以前、私がコメンテーターをしていたニュース番組での話。一緒に番組を作り上げていくスタッフに、いわゆる理系出身者がほとんどいなかった。現場で私の科学解説を支えてくれるべき理系スタッフがゼロだったのだ。
・・・一流と言われている大学を出て、メディアを握っているのに科学知識は限りなくゼロに近い。おそらく、大学受験するために、「文系」と決めた段階で、数学や物理は「こんなものは必要ない」と、いっさい排除してしまったのだろう。
新聞社には理系出身の記者もいるのだが、日本を代表するテレビ局のニュースを担当しているスタッフに理系がほとんどいないというのは驚きだった。
・・・大きな影響力を持つテレビ局の人材が文系に偏っていると、偏った番組内容になってしまう。「文系バカ」のディレクターに科学技術が「分からない」からといって、その情報が「いらない」ことにはならない。怖い情報の選別が起きているのだ。
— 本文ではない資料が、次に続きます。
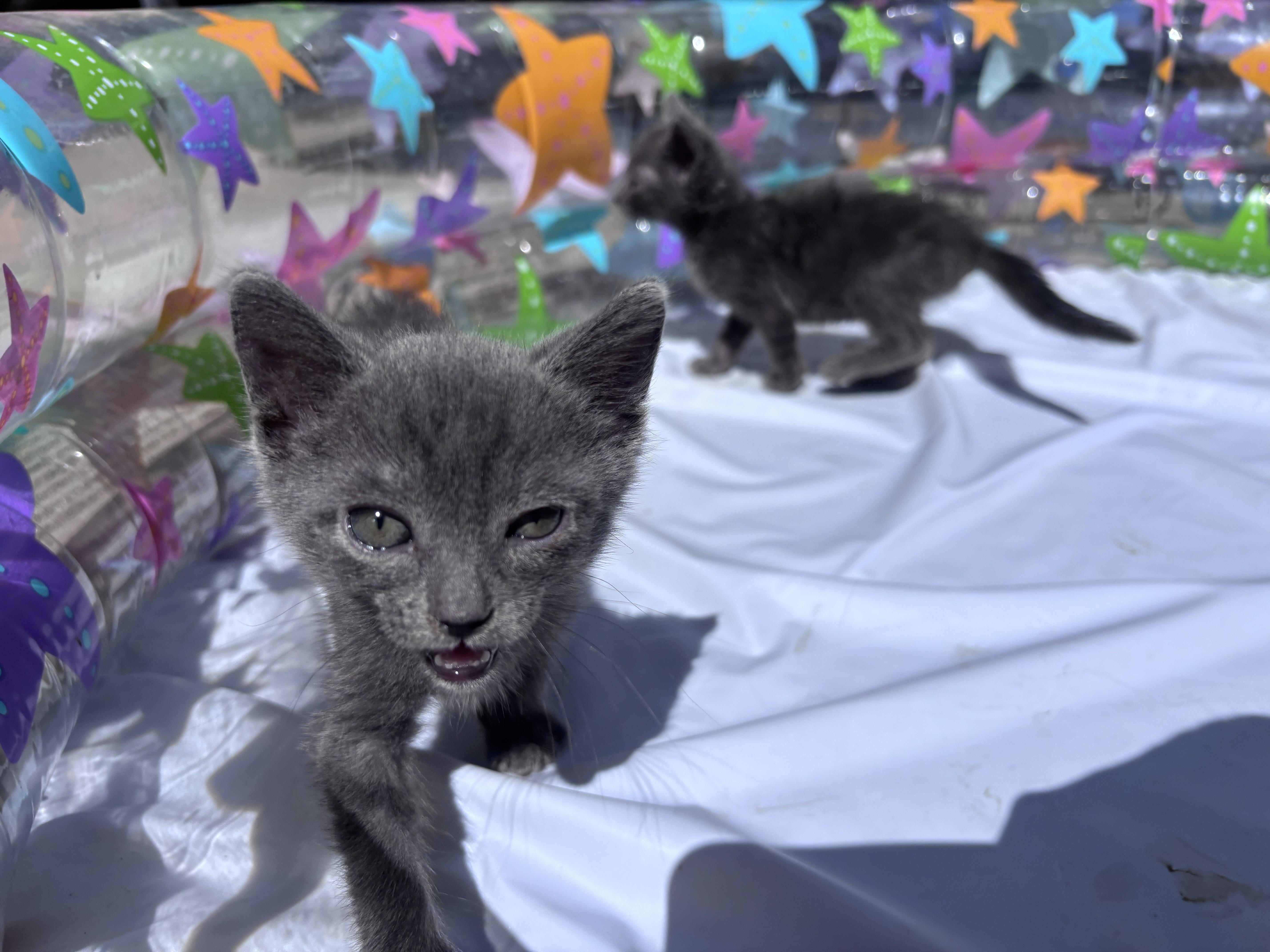 Enlarge Blue Crew, a Adopted Domestic Short Hair in Wildomar, CA image 3/3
(竹内薫著、嵯峨野功一構成『理系バカと文系バカ』〔PHP新書 121頁~124頁〕より)
(会社ウォッチ編集者Kのひとこと)
「血液型診断や占いが気になって仕方ない」のは文系バカで、「相手が関心のないことを延々と話す」のは理系バカ――さまざまな事例を通して文系バカや理系バカの生態が語られるが、語り口が軽妙なのでサクサク読める。テレビ番組「たけしのコマ大数学科」の解説者としても知られる著者の狙いは、文系と理系の両方の要素を兼ね備えた「文理融合人間」こそ必要だと訴えること。数式が大嫌いな文系人間もこの本を読めば、数学や物理の入門書を開いてみたくなるかもしれない。